Benchmarking the SOMOD Neural PC: A Deep Learning Engineer’s Experience

As part of the launch of SOMOD PCs, the MBUZZ Labs team tasked me with benchmarking the new SOMOD Neural PC to evaluate its AI performance. Given the workstation’s powerful specs, I set out to test its deep learning capabilities using industry-standard benchmarks.

Initial Benchmarking Roadblocks

My initial plan was to run Geekbench AI, but I quickly hit a roadblock—it wasn’t detecting the GPU, making it unsuitable for proper evaluation. Next, I considered MLPerf, one of the most recognized AI benchmarking suites. However, downloading the massive datasets required for MLPerf benchmarks would have consumed significant bandwidth and time, so I decided to look for an alternative.
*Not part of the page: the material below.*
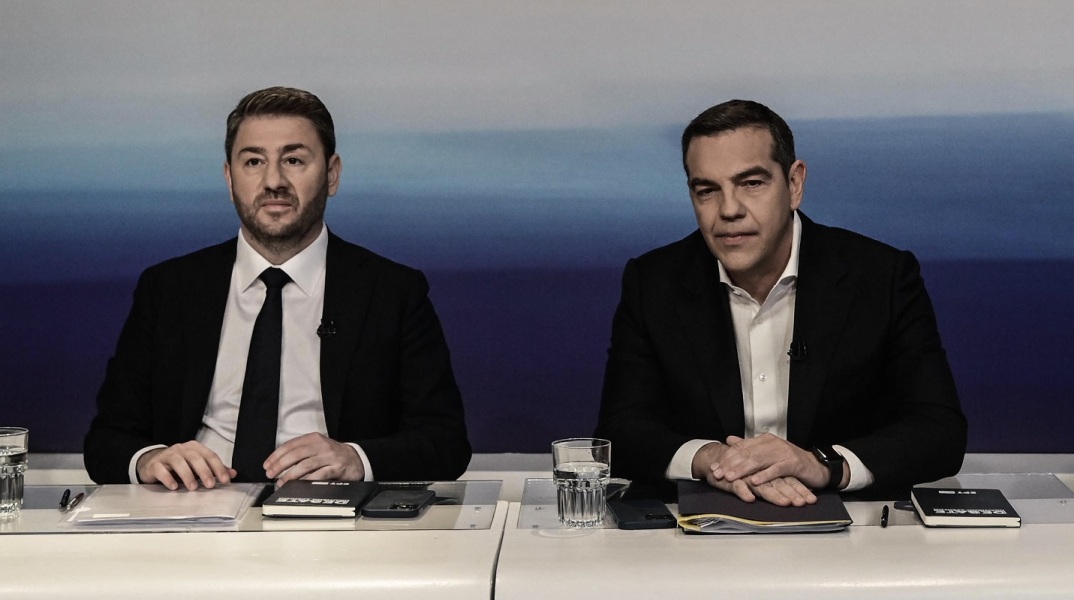 Εθνικές Εκλογές 2023: Η συζήτηση για τη συμμαχία ΠΑΣΟΚ-ΚΙΝΑΛ με ΣΥΡΙΖΑ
That’s when I stumbled upon PyTorch’s deep learning benchmark repository on GitHub. It provided a lightweight yet effective way to test AI workloads. I made modifications to the test files and adjusted batch sizes to optimize performance for the RTX 5880 Ada GPU. With these tweaks, I finally had a solid benchmarking setup.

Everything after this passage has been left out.